The binary relational and equality operators compare their first operand to their second operand to test the validity of the specified relationship. The result of a relational expression is 1 if the tested relationship is true and 0 if it is false. The type of the result is int.

Syntax

relational-expression:

shift-expression

relational-expression < shift-expression

relational-expression > shift-expression

relational-expression <= shift-expression

relational-expression >= shift-expression

equality-expression:

relational-expression

equality-expression == relational-expression

equality-expression != relational-expression

The relational and equality operators test the following relationships:

Operator

Relationship Tested

<

First operand less than second operand

>

First operand greater than second operand

<=

First operand less than or equal to second operand

>=

First operand greater than or equal to second operand

==

First operand equal to second operand

!=

First operand not equal to second operand

The first four operators in the list above have a higher precedence than the equality operators (== and !=). See the precedence information in the table Precedence and Associativity of C Operators.

The operands can have integral, floating, or pointer type. The types of the operands can be different. Relational operators perform the usual arithmetic conversions on integral and floating type operands. In addition, you can use the following combinations of operand types with the relational and equality operators:

• Both operands of any relational or equality operator can be pointers to the same type. For the equality (==) and inequality (!=) operators, the result of the comparison indicates whether the two pointers address the same memory location. For the other relational operators (<, >, <=, and >=), the result of the comparison indicates the relative position of the two memory addresses of the objects pointed to. Relational operators compare only offsets.

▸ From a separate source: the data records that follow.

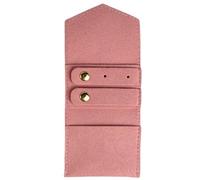 Genérico Mini bolsa de joyería de viaje | Bolsa de joyería plegable portátil | Caso de la organizador de joyas de viaje | Multi-usos | Elegante | 17G | Para artículos de tocador de pulsera de collar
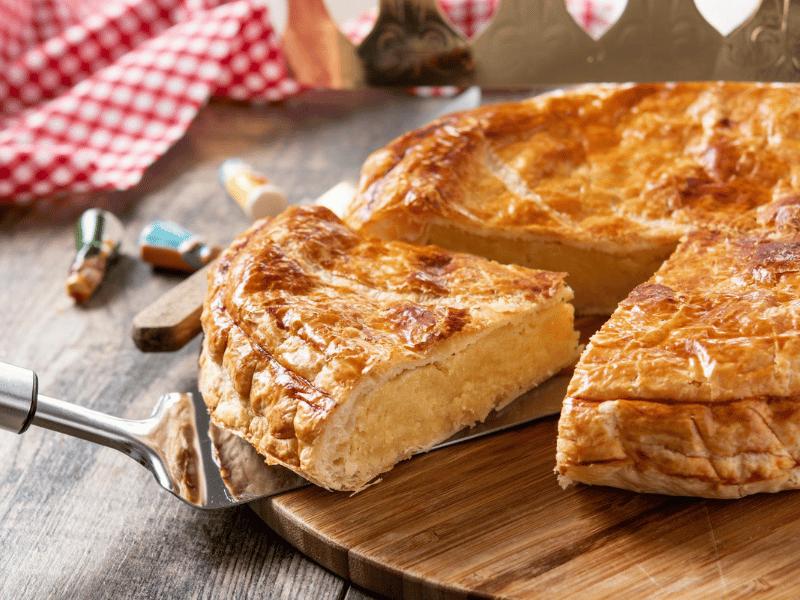 galette de rois z kremem frangipane
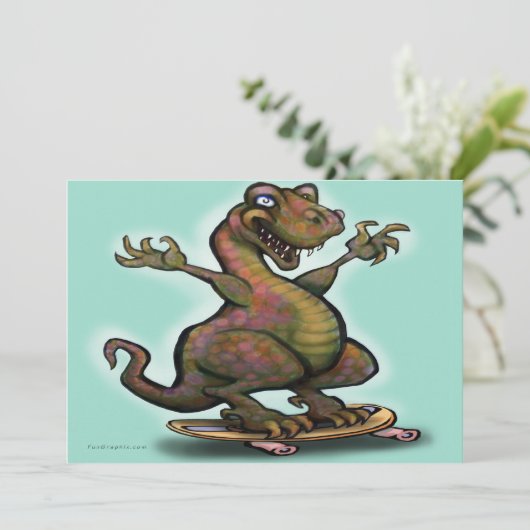 Skater Saurus Rex (Standing Front)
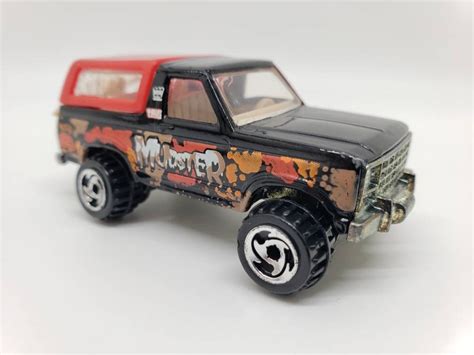 Hot Wheels Bronco 4 Wheeler Mudster Black Miniature Collectible Model Toy Car Etsy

Pointer comparison is defined only for parts of the same object. If the pointers refer to members of an array, the comparison is equivalent to comparison of the corresponding subscripts. The address of the first array element is "less than" the address of the last element. In the case of structures, pointers to structure members declared later are "greater than" pointers to members declared earlier in the structure. Pointers to the members of the same union are equal.

• A pointer value can be compared to the constant value 0 for equality (==) or inequality (!=). A pointer with a value of 0 is called a "null" pointer; that is, it does not point to a valid memory location.

• The equality operators follow the same rules as the relational operators, but permit additional possibilities: a pointer can be compared to a constant integral expression with value 0, or to a pointer to void. If two pointers are both null pointers, they compare as equal. Equality operators compare both segment and offset.

## Examples

The examples below illustrate relational and equality operators.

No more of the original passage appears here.